Asked if the negotiations will yield results by the end of the stated 6-month period (which ends on July 20), Zarif said, “I believe it is possible but it depends on how much good will and pragmatism the other side shows in the negotiations.”
Stressing that Iran seeks to materialize its rights of access and use of the peaceful nuclear technology and is not after the proliferation of atomic weapons, he said, “We believe atomic weapons are not beneficial to our country and we don’t have any problem if this is clearly shown to the world.”
The Iranian top diplomat underlined that the Iranian delegation has come to Vienna with a firm will to settle the differences with the world powers, but meantime, said if the two sides cannot reach an agreement by July 20, the time for implementing the interim agreement will not be extended automatically and it will need further negotiations.
The Iranian team of negotiators, accompanied by a team of legal advisors and experts, arrived in Vienna on Tuesday.
Representatives of Iran and the G5+1 are due to start compiling and drafting a comprehensive deal in their today meeting in Vienna.
The last round of negotiations took place in Vienna on April 8 and 9.
The Iranian Foreign Ministry in a statement on April 8 reiterated that its team of negotiators would not discuss any topic but the country’s nuclear standoff with the West in its talks with the six world powers.
The talks between Tehran and the G5+1 are part of efforts to seal a final deal on Iran’s nuclear energy program.
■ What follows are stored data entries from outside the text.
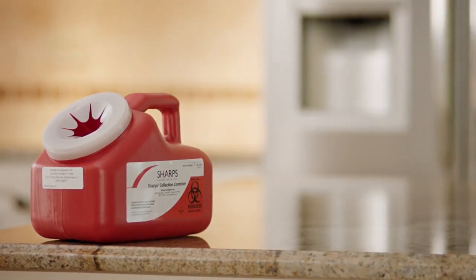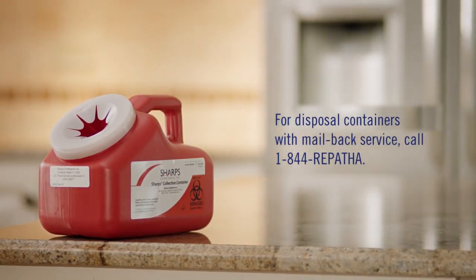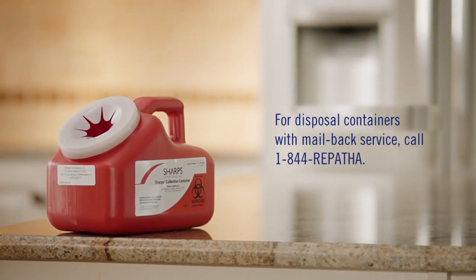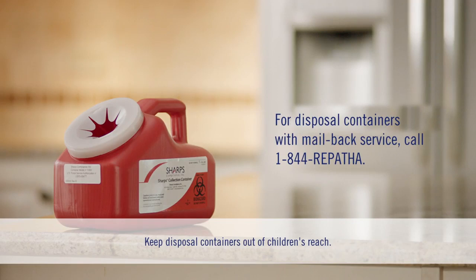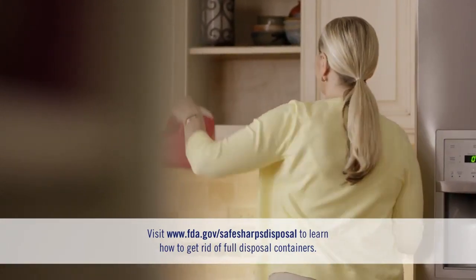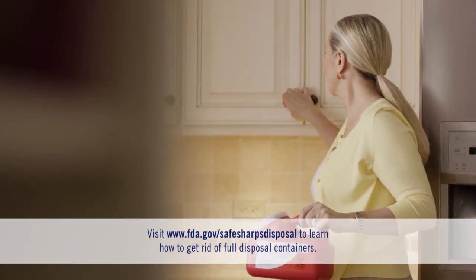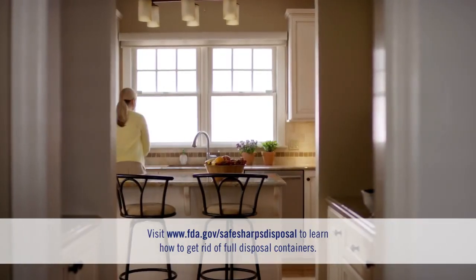If you need FDA-cleared disposal containers, you can get them from your local pharmacy. Puncture-resistant disposal containers with mail-back service are also available from Repatha Ready — just call 1-844-REPATHA. Be sure to keep disposal containers out of children's reach. Local and state laws may require you to follow certain rules. Do not dispose of your used sharps disposal container in your household trash unless your community guidelines permit this, and do not recycle it. For more information about proper needle disposal in your area, contact your local health department, trash removal service, or check out the FDA's website listed on screen.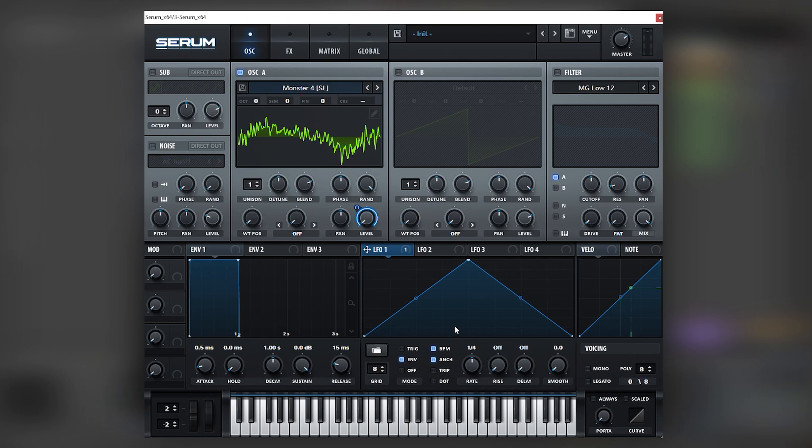We want to focus on the shape of this LFO. It needs to be a little bit longer in terms of the time it spends being sustained on top, so we're going to do a shape like this.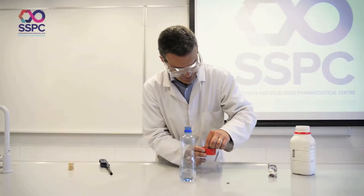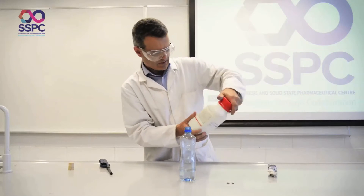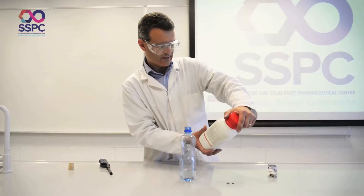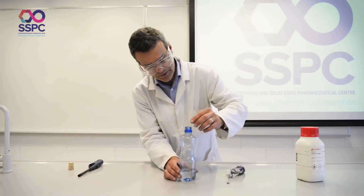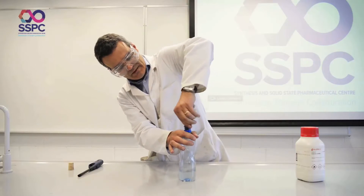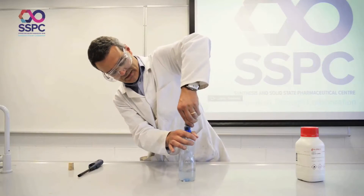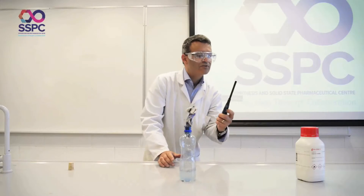I'll just put maybe two pellets in — that's plenty. There should be a little bit of bubbling there — that's the reaction of calcium carbide with water giving you acetylene. It's building up in the bottle, and the bottle is getting cloudy because calcium hydroxide is formed as well. Then you get it and just light it.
Iran and the Group 5+1 representatives had several sessions of talks in Vienna on March 18-19 too. Following the breakthrough interim agreement between Iran and the six powers, the two sides accepted to send their senior negotiating teams to monthly meetings to discuss a final and comprehensive deal until July. If the seven nations fail to agree on a final deal by then, the Geneva interim agreement will be extended for another 6 months.
On November 24, Iran and the Group 5+1 sealed a six-month Joint Plan of Action to lay the groundwork for the full resolution of the West’s decade-old dispute with Iran over the latter’s nuclear energy program.
In exchange for Tehran’s confidence-building bid to limit certain aspects of its nuclear activities, the sextet of the world powers agreed to lift some of the existing sanctions against Tehran and impose no nuclear-related sanctions on Iran during the six-month period.